# First dog, first love: Joplin



## missmarstar (Jul 22, 2007)

Joplin sounds like an amazing dog.... something special about our first heart dogs, no denying that


----------



## Dslats (Mar 1, 2007)

wow.... joplin had an exciting life. how old was he? it's so hard to lose an animal let alone the" heart dog." I feel your pain. 

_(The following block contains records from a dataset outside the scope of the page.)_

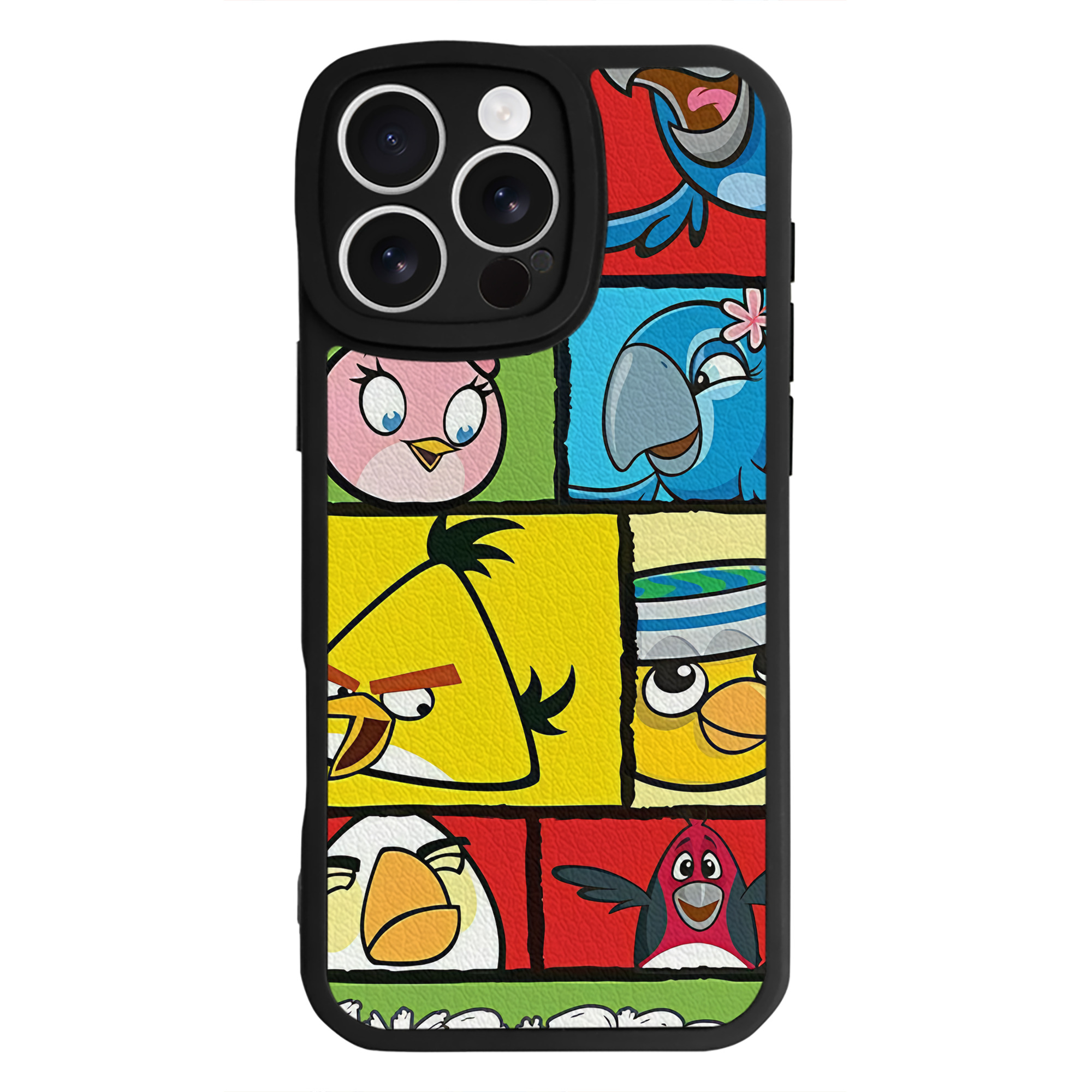 （画像用） Angry Birds アングリーバード 【iPhone 16シリーズ対応】シリコンスマホケース（レザー調） 材質：シリコン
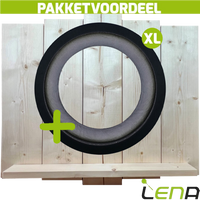 Lena Dartbordverlichting Deluxe XL Zwart + Lena Wooden Wall Protector - thumbnail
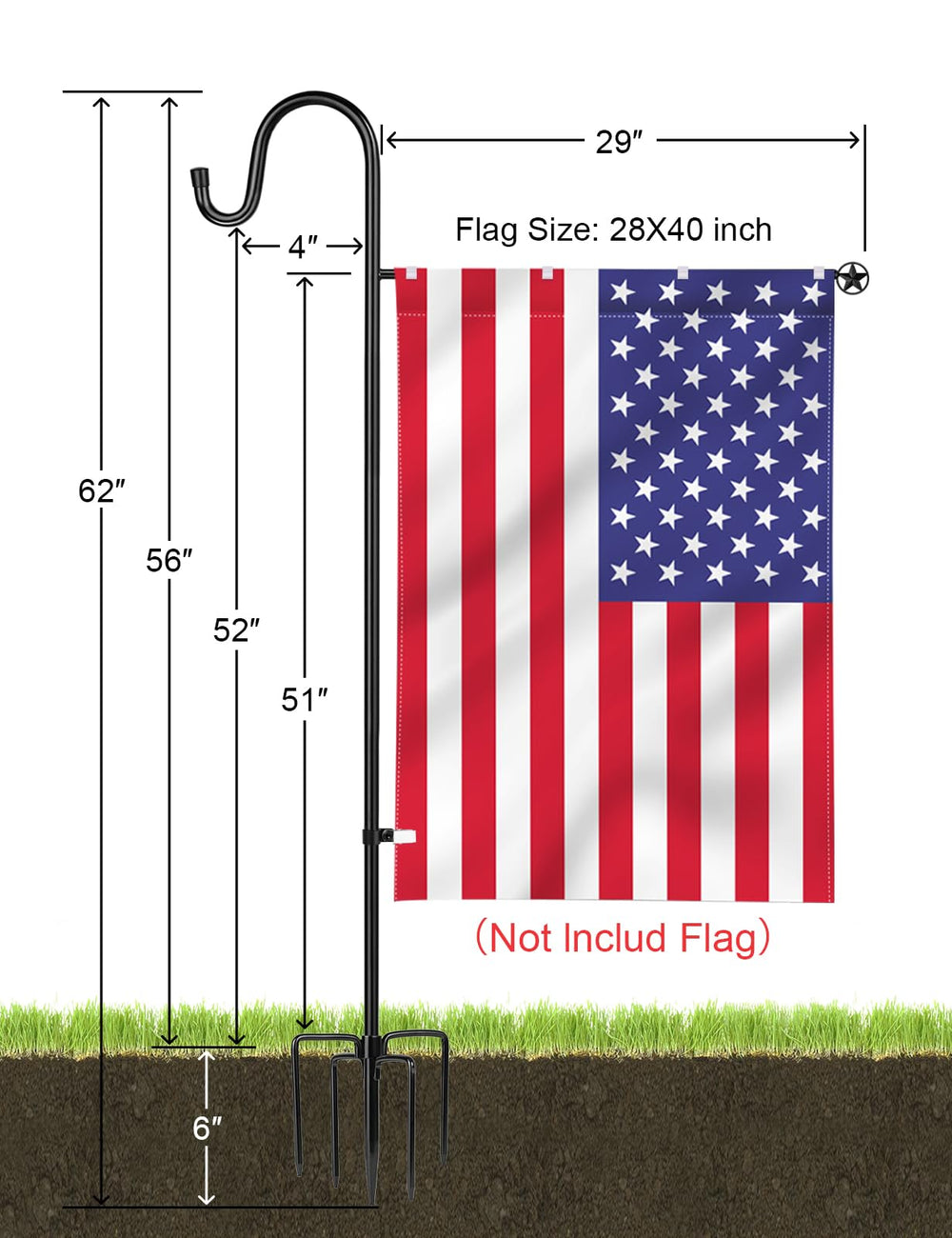 LOPANNY close-up of fixation clamps and anti-wind clip offering secure flag retention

any picture's of joplin's life excursions?
Debbie & mason


----------



## McSwede (Jan 30, 2007)

What a wonderful story about a truly amazing Golden. 

~Jackie


----------



## Nicole&Zack (Feb 27, 2007)

Thats wonderful....


----------



## goldensmum (Oct 23, 2007)

He sure packed a lot into his life - sorry for your loss


----------



## Oaklys Dad (Dec 28, 2005)

I can see how Joplin could make you a golden person for life. He sounds like he made a big impression on you and everyone he met. Great memories you have of him. Thanks for taking the time to share.


----------



## Hudson (May 18, 2005)

Thanks for sharing Joplin's amazing life and memories with us.


----------



## BeauShel (May 20, 2007)

Joplin sounded like an amazing dog and I can see why you loved him.


----------



## goldenmomof3 (Feb 15, 2006)

I'm so sorry to hear of the loss of Joplin. What an awesome life he had!!!!! You are blessed to have had him as long as you did and he knows what a great life you gave him! He will be waiting for you ....


----------



## LOVEisGOLDEN (Jan 4, 2008)

what a wonderful tribute


----------



## Powderpuff (Dec 30, 2007)

> I negotiated that Joplin could come to work everyday


The thought of you putting Joplin before a better salary has made me smile...he was a lucky dog to have you care so much.


----------



## 3 goldens (Sep 30, 2005)

Beautiful story, beautiful love between you. how these dogs get into our hears.


----------